Rising heat is an increasingly critical global condition driven by climate change, urbanization, and deforestation. Average global temperatures have climbed due to greenhouse gas emissions, leading to more frequent and intense heatwaves that threaten ecosystems, economies, and public health. Urban areas, in particular, experience exacerbated effects due to the urban heat island phenomenon, where concrete, asphalt, and lack of greenery trap heat. This trend disproportionately impacts vulnerable populations, particularly those in low-income regions with limited access to cooling infrastructure. Without urgent mitigation and adaptation efforts, rising heat will continue to intensify, exacerbating global inequities and environmental challenges.

CCVI – understanding global condition:

In order to understand the global impact of heat, we studied the Climate—Conflict—Vulnerability Index (CCVI). It maps current global risks by integrating climate and conflict hazards with local vulnerabilities. CCVI is a scientifically informed tool that enables policymakers and researchers to assess and map current global risks to human security arising from climate and conflict hazards, their intersections and the potential for harmful interactions. Additionally, the CCVI reveals how vulnerabilities can amplify the impacts of climate and conflict hazards.

Based on the CCVI data, we visualize maps showing the places affected due to heat waves in world with respect to vulnerability.

In order to learn the effects more in detail, we started to use the urban scale lenses and pick the cities from the index.

The CCVI’s simplistic methodology limits its ability to assess complex interactions between risk determinants. The risk scores generated by the CCVI require contextual interpretation to fully capture local nuances.

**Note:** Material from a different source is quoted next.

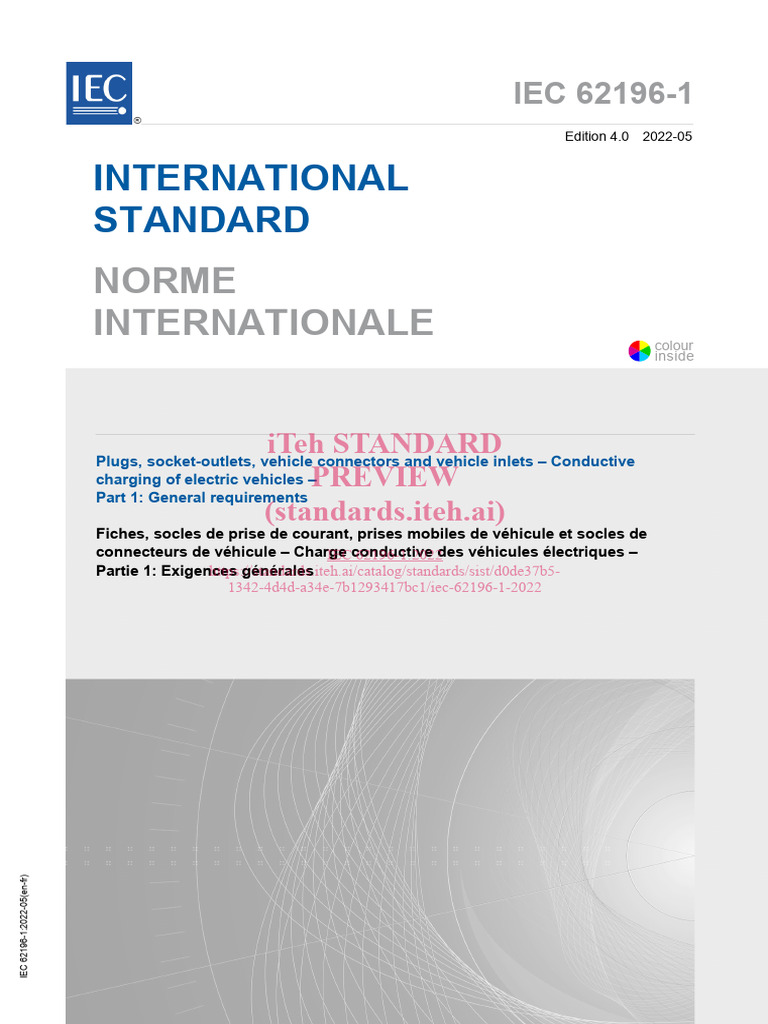 Iec 62196 1 2022 | PDF | Énergie électrique | Électricité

This opens up various spatial blind spots in the study and questions like….

  • What physical forms and spatial patterns does heat take in urban environments?
  • How is the Local climate with respect to every city effects the increasing heat?
  • What are the factors/stakeholders affected more by these heat waves?

Urban Heat: A Spatial Perspective:

Drawing from case studies and insights from various research papers, our approach was structured around key elements, including Urban Heat Islands (UHI), urban form, sensitive layers, and relief systems. To effectively visualize these concepts, we selected cities that are significantly impacted, focusing on Rome as a representative example due to its high vulnerability within the European context. The city was systematically divided into grid cells measuring 300 x 300 meters, enabling detailed spatial analysis. Data manipulation and integration of diverse datasets were employed to achieve comprehensive insights. To illustrate the findings, heat archipelagos maps were developed using a monochromatic color scheme, effectively representing binary values within each dot to enhance clarity and interpretability.

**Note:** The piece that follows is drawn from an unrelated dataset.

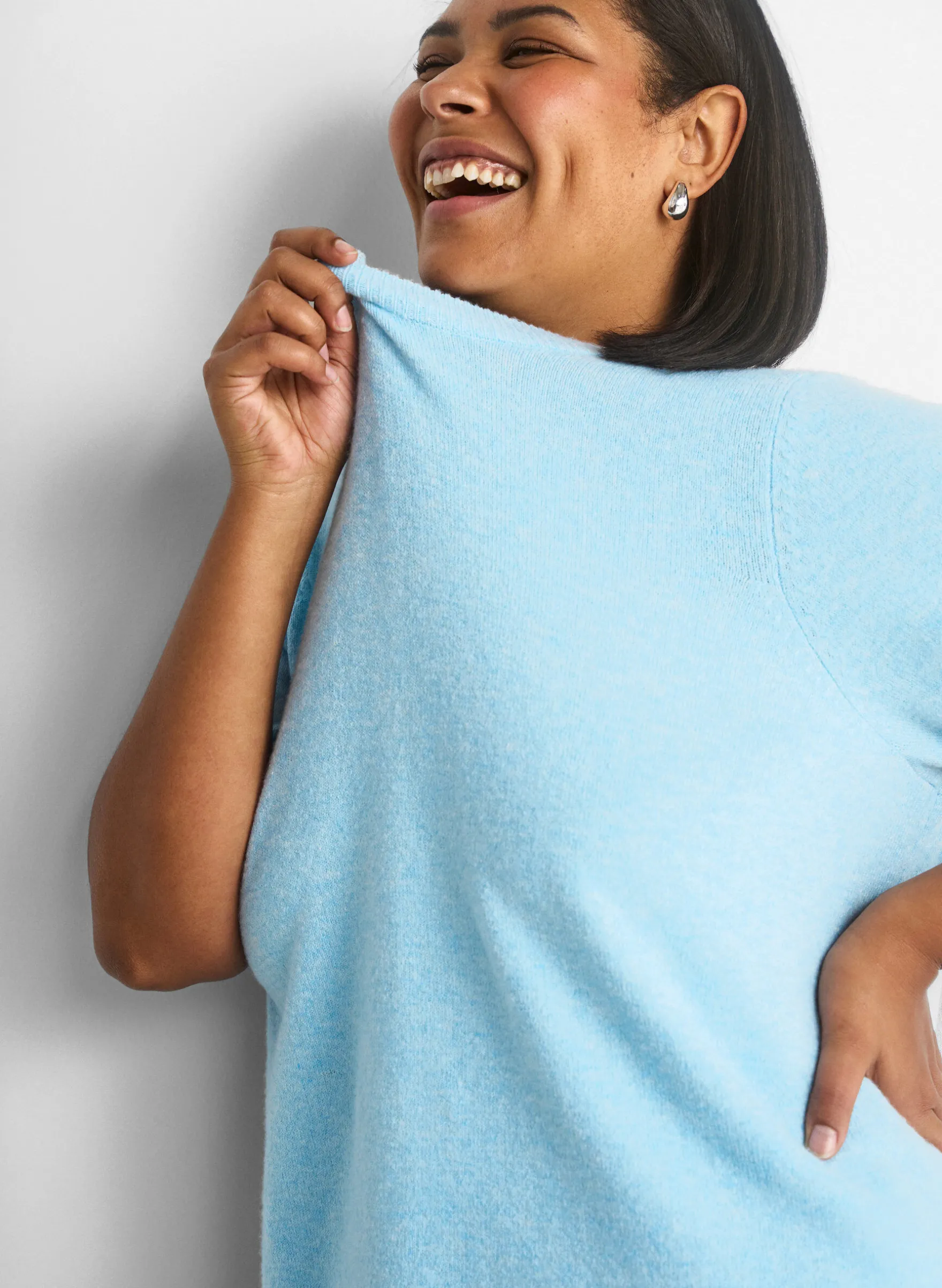 Bluse aus Strick mit kurzen Ärmeln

Heat shapes of city – loop and repetition

The process of studying the cities ranked high by the CCV index started by creating images according to the presented process. Through a Python Script the map creation was automated and looped. The maps present the impacts of heat according to the parameters chosen in a binary manner.

Machine Learning and Clustering:

Categorizing the maps was a huge task and the prowess of machine learning were quite insightful in this chapter. We started with unsupervised machine learning and feed with heat archipelagos map.

Heat archipelagos:

Major strategy of using the machine learning is to categorize the shapes of heat in the city. This was achieved by converting the binary maps of city into archipelagos (contour) model by grouping the points based on values.

Clusters and analysis:

One city from 5 clusters were picked and modeled as to study the distribution, concentration and other attributes of heat archipelagos in the city.

Open Ends:

The study of different shapes were intended to create path defining approach specific to each cluster and investigate various methods of mitigating heat.

  • Adaptable, ad-hoc assessments of the status quo of heat
  • Conversations among cities with similar geometries of heat
  • Starting point for strategic heat adaption
Strategic adaption: Perforation

From the cities we studies, we choose two typologies in order to experiment further with the approaches. One of our approach was perforation of heat archipelagos when there is wide spread, polycentric shape. We implied this model on Jakarta, Indonesia.

Strategic adaption: De-clustering

For the cities with linear polycentric distribution of heat, we approached a new nascent way of de clustering the heat using through sections of heat archipelagos and potentials.